Protokoll der Sitzung vom 29.09.2010

Im Augenblick wird niemandem etwas gekürzt, denn der Hartz-IV-Empfänger bekommt zurzeit noch keine Rente; es geht in Ihrem Antrag rein um die Beitragszahlungen.

Die Kommission gegen Altersarmut ist eingesetzt. Die Problematik ist in Bundes- und Landesregierung bekannt.

Auch wir beschäftigen uns intensiv mit dieser Thematik vor Ort.

Meine sehr geehrten Damen und Herren!

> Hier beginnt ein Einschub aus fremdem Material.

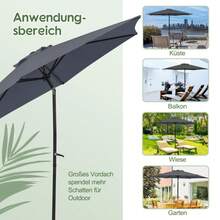 Outdoor Parasol, Stand And Base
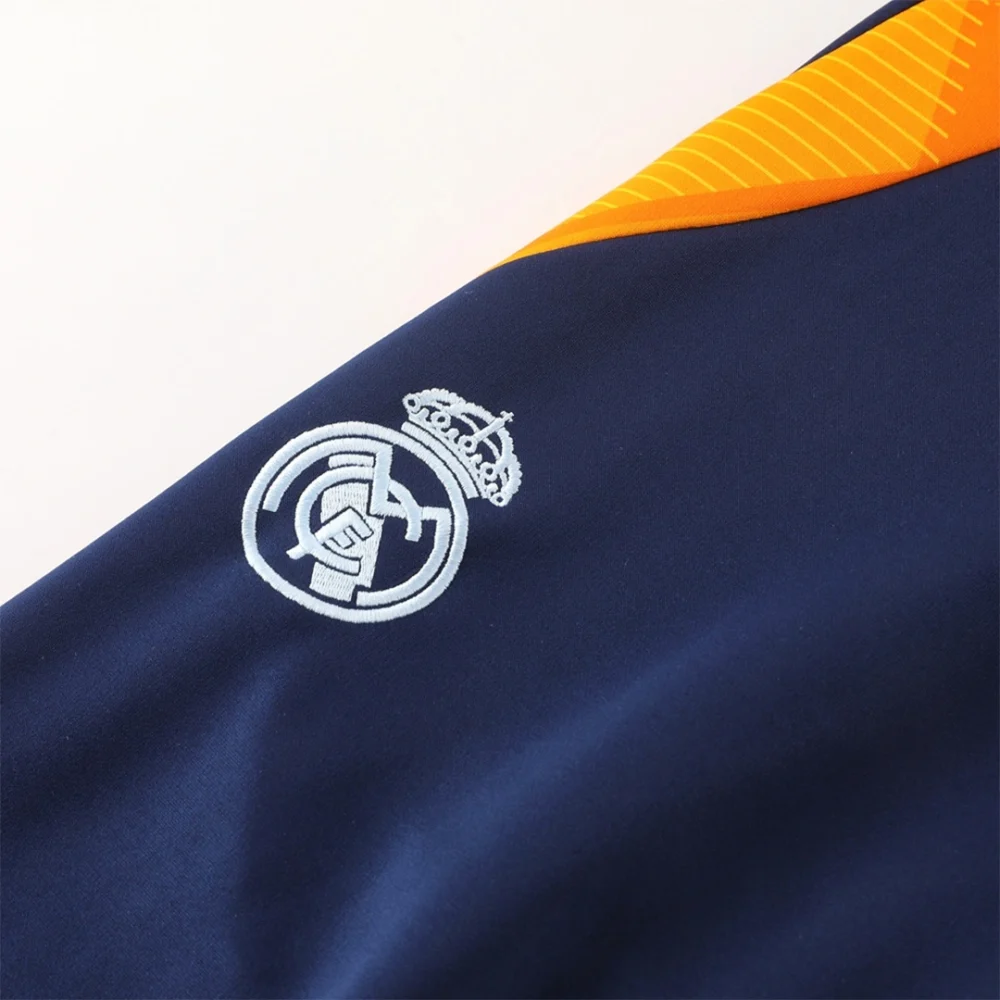 Real Madrid Training Kit (Jacket+Pants) Gray 2024/25 - Image 14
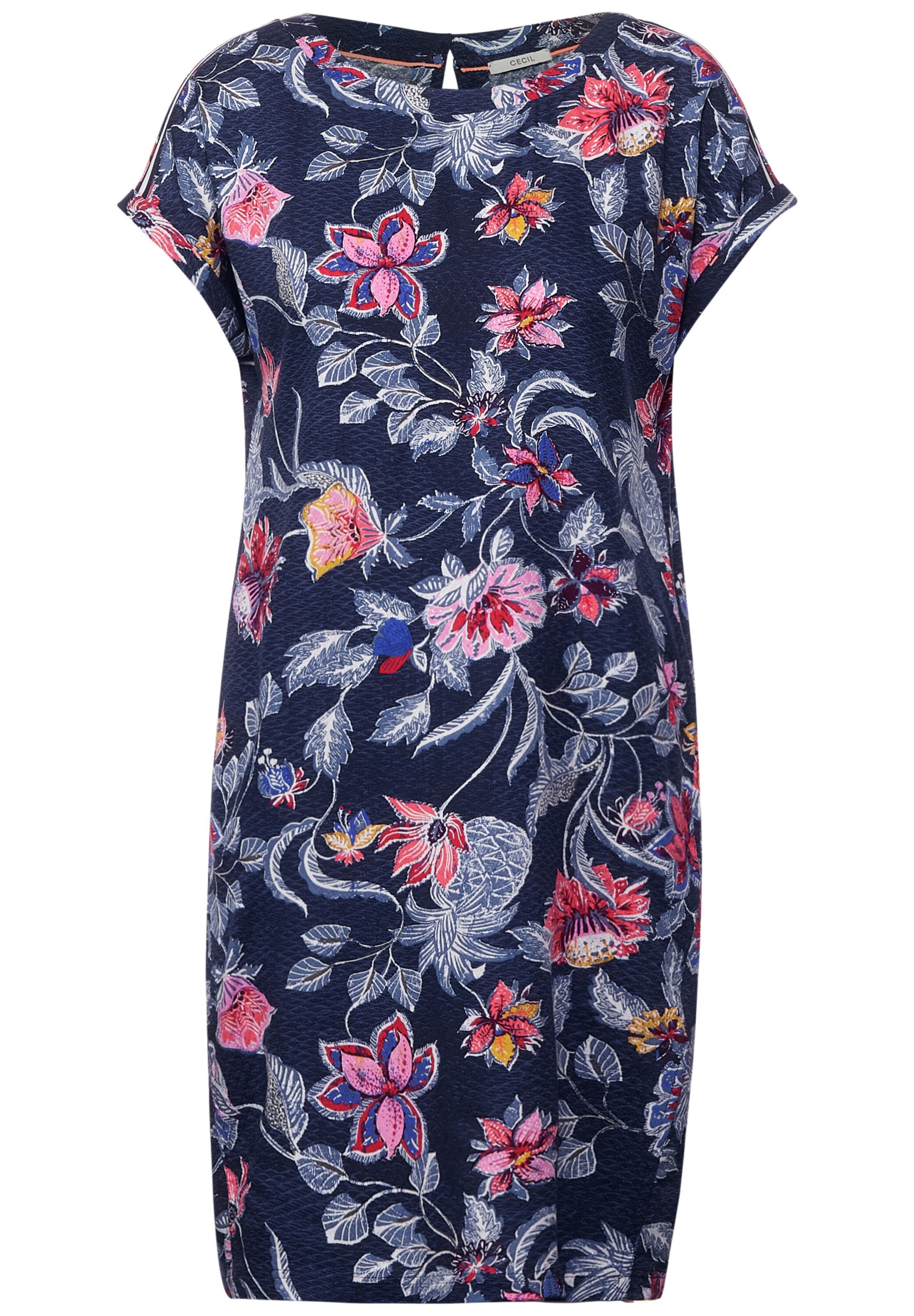 Frauen Große Größen CECIL Kleid in Dunkelblau - SK36755 Frauen Große Größen CECIL Kleid in Dunkelblau - SK36755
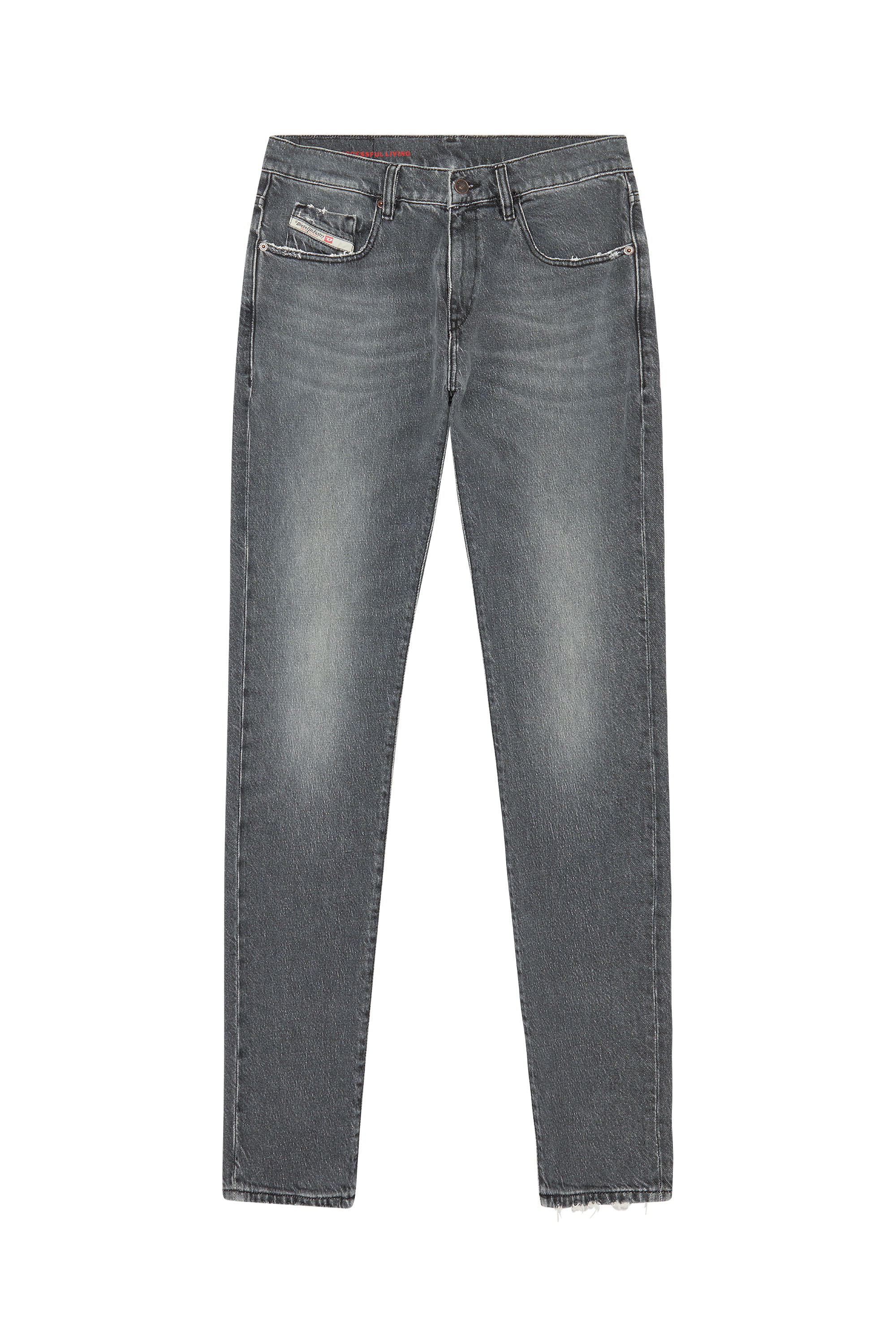 Diesel - Slim Jeans 2019 D-Strukt 09E75, Black/Dark grey - Image 5
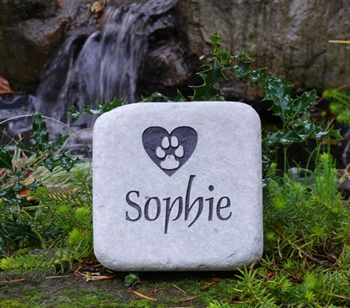 5lb Sage Cobblestone Pet Memorial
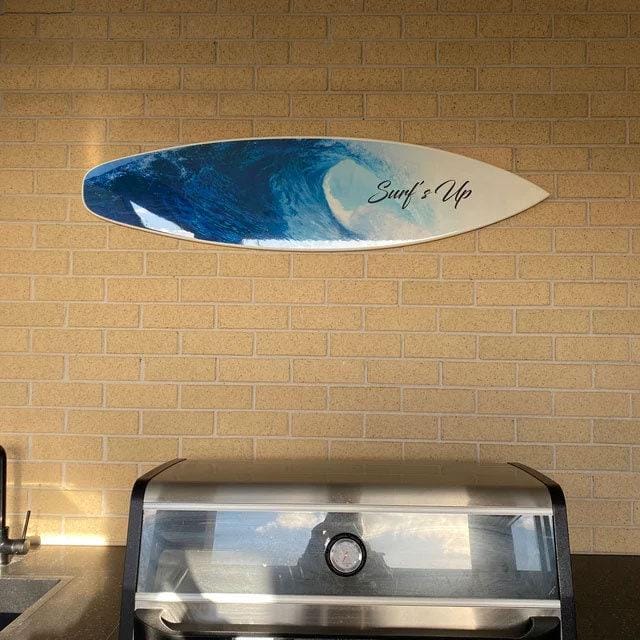 Surfboard Wall Art: Ocean Wave Coastal Decor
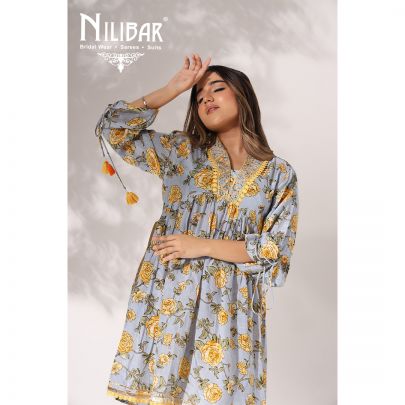 Blue Cotton Co-ord Set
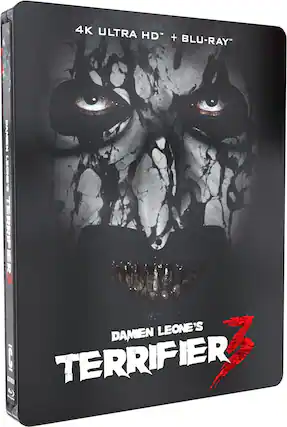 Front. Terrifier 3 (Steelbook) - 4K Blu-Ray.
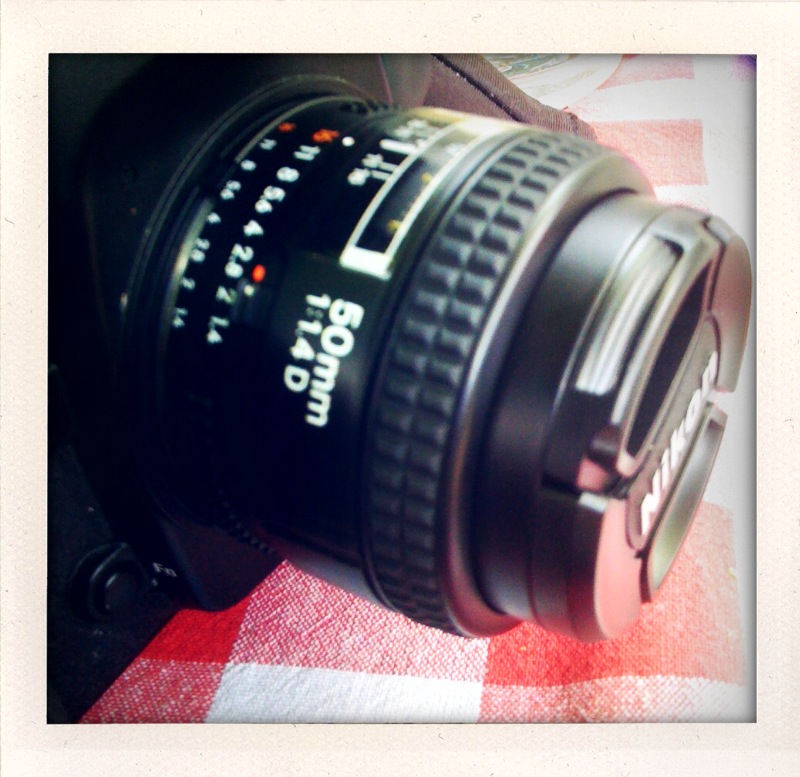 My shiny new Nikon 55mm f/1.4 lens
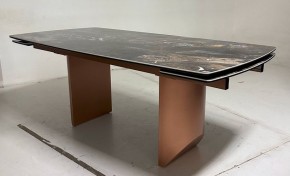 Стол ПУАНТО 200 TITANIUM LAWA NERO, керамика / МЕДЬ каркас М-City в Верхней Пышме - verhnyaya-pyshma.mebel24.online | фото 3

Ein funktionierender Sozialstaat ist auf der einen Seite ein Staat, der Menschen in Notsituationen auffängt, selbstverständlich auch finanziell, und auf der anderen Seite aber auch einer, der Menschen aktiviert. In erster Linie sind die Menschen in Arbeit zu bringen, damit sich die Bürger ihre Rente in eigener Verantwortung verdienen dürfen und nicht von staatlich zugewiesenem Geld, in welcher Höhe auch immer, entsprechend leben müssen.

Meine sehr geehrten Damen und Herren! Das muss unser Ziel sein. Dazu gehört aber auch, dass die Menschen Eigenvorsorge betreiben können. Dafür haben wir zum Beispiel die Voraussetzung mit der Anhebung des Schonvermögens für die private Altersvorsorge bei Hartz-IVEmpfängern geschaffen. Das ist ein wichtiger Punkt, den man immer wieder nicht laut und deutlich genug sagen kann, und das im Unterschied zur vorherigen Bundesregierung.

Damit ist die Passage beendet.